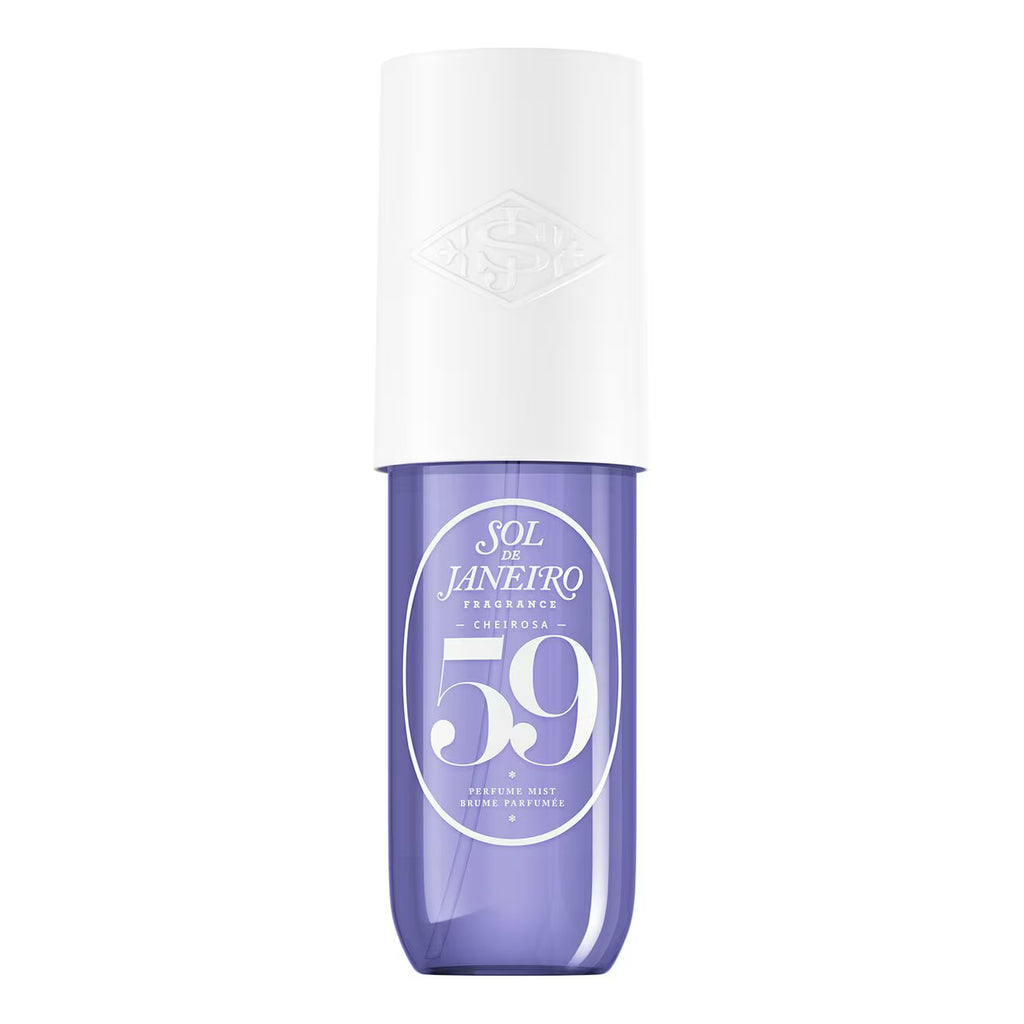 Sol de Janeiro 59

* * *

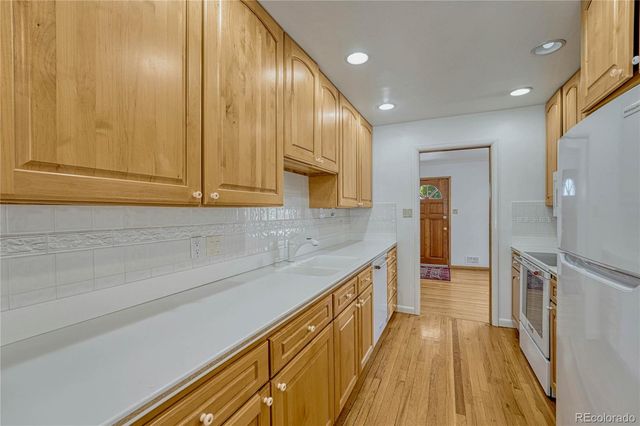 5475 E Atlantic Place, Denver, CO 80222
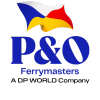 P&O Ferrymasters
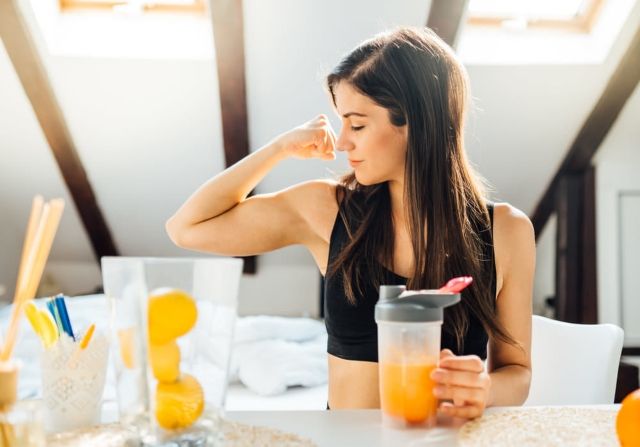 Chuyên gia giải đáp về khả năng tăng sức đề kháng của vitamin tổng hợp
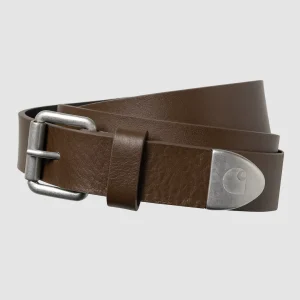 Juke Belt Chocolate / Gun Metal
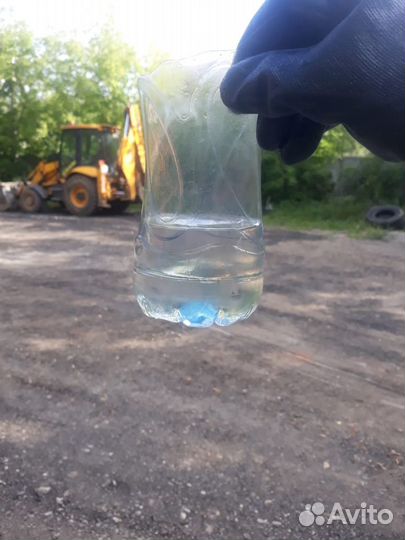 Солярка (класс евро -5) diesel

▸ Exercise objective:
Once the line with "Juke Belt Chocolate / Gun Metal" is found above, print it and every line after it through the line with "Солярка (класс евро -5) diesel", exactly. Pictures stay out.

▸ Result of the task:
 Juke Belt Chocolate / Gun Metal
 Солярка (класс евро -5) diesel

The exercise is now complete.